[Start of section]

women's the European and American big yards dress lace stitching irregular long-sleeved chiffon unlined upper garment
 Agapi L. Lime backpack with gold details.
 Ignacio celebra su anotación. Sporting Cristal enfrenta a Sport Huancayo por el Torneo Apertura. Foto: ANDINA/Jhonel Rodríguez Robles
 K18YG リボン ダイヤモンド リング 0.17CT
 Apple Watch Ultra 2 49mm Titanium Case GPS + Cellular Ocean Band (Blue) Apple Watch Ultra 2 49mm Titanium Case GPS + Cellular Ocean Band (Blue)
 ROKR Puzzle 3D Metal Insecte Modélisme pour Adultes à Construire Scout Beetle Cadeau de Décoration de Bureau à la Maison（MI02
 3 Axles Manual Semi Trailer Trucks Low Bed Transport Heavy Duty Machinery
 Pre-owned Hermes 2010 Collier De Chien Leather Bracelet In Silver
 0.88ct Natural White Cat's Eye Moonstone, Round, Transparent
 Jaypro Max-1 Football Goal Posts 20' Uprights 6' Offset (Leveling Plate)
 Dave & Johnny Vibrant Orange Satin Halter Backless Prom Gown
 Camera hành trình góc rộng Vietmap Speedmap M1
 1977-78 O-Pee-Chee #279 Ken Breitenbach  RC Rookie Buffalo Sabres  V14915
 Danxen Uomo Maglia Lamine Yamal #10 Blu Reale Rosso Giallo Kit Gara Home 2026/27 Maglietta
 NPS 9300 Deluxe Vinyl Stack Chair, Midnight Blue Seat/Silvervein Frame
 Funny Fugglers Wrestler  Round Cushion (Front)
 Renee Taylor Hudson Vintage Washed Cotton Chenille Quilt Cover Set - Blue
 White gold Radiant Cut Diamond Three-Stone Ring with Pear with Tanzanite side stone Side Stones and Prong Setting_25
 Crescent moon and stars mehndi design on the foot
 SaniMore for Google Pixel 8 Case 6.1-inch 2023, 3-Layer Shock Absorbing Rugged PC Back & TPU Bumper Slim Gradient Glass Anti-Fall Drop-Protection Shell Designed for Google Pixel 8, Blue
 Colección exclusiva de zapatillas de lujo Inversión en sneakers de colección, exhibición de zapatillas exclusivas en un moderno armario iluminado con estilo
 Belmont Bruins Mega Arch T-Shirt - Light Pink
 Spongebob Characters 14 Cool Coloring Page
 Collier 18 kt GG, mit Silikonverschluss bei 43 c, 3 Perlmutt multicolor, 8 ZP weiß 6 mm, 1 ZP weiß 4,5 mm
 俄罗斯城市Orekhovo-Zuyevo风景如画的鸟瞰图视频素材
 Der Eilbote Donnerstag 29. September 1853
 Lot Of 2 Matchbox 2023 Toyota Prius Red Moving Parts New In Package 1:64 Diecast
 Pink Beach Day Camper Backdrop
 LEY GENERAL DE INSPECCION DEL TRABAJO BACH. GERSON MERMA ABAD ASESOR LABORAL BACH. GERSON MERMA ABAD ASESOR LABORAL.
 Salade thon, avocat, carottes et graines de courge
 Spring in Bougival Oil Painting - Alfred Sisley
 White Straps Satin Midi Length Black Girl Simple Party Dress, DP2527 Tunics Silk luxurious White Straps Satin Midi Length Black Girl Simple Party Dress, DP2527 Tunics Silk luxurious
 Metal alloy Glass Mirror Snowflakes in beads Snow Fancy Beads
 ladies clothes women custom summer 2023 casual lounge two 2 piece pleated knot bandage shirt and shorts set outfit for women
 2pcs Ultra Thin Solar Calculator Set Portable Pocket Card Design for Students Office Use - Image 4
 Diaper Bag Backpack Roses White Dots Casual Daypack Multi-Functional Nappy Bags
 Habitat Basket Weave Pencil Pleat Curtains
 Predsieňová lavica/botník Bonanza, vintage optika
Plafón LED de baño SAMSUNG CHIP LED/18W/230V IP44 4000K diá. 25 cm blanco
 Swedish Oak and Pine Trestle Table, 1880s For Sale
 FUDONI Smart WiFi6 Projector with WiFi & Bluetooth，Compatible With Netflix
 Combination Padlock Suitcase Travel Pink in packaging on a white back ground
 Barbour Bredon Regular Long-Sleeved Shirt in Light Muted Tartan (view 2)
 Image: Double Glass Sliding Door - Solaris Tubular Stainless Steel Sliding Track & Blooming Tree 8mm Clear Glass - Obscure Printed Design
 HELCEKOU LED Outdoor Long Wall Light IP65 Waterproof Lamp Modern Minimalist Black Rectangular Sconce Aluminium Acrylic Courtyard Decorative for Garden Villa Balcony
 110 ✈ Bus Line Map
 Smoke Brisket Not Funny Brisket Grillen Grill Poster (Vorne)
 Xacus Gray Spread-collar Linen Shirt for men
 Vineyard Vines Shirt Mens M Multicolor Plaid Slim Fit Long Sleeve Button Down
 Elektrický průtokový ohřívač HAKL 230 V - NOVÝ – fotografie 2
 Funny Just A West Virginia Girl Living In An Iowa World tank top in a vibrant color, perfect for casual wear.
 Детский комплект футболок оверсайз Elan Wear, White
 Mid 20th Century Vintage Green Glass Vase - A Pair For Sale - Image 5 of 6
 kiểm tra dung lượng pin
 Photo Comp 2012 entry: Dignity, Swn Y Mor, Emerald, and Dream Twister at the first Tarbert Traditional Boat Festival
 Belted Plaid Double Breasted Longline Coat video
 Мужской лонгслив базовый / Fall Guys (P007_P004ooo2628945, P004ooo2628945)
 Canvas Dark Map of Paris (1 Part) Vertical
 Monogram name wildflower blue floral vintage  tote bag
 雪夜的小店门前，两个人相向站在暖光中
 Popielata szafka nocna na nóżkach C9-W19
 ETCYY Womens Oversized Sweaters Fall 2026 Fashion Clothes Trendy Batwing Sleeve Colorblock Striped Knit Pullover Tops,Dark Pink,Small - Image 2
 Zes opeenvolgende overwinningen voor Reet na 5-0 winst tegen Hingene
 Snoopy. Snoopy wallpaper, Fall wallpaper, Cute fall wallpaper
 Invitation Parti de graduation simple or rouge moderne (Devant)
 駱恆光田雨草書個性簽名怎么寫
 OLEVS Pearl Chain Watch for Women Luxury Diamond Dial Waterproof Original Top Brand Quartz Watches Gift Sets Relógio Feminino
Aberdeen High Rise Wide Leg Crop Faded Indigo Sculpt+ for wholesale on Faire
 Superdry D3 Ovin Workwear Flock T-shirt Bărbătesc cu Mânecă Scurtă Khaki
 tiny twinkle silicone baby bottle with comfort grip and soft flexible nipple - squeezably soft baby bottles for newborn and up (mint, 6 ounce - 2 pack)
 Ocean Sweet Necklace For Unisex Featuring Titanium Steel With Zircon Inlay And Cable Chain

[End of section]

Requirement |
Exactly as written, please reproduce the lines from the first line of the data to the line containing "Pre-owned Hermes 2010", inclusive, and nothing else.

Task result |
women's the European and American big yards dress lace stitching irregular long-sleeved chiffon unlined upper garment
 Agapi L. Lime backpack with gold details.
 Ignacio celebra su anotación. Sporting Cristal enfrenta a Sport Huancayo por el Torneo Apertura. Foto: ANDINA/Jhonel Rodríguez Robles
 K18YG リボン ダイヤモンド リング 0.17CT
 Apple Watch Ultra 2 49mm Titanium Case GPS + Cellular Ocean Band (Blue) Apple Watch Ultra 2 49mm Titanium Case GPS + Cellular Ocean Band (Blue)
 ROKR Puzzle 3D Metal Insecte Modélisme pour Adultes à Construire Scout Beetle Cadeau de Décoration de Bureau à la Maison（MI02
 3 Axles Manual Semi Trailer Trucks Low Bed Transport Heavy Duty Machinery
 Pre-owned Hermes 2010 Collier De Chien Leather Bracelet In Silver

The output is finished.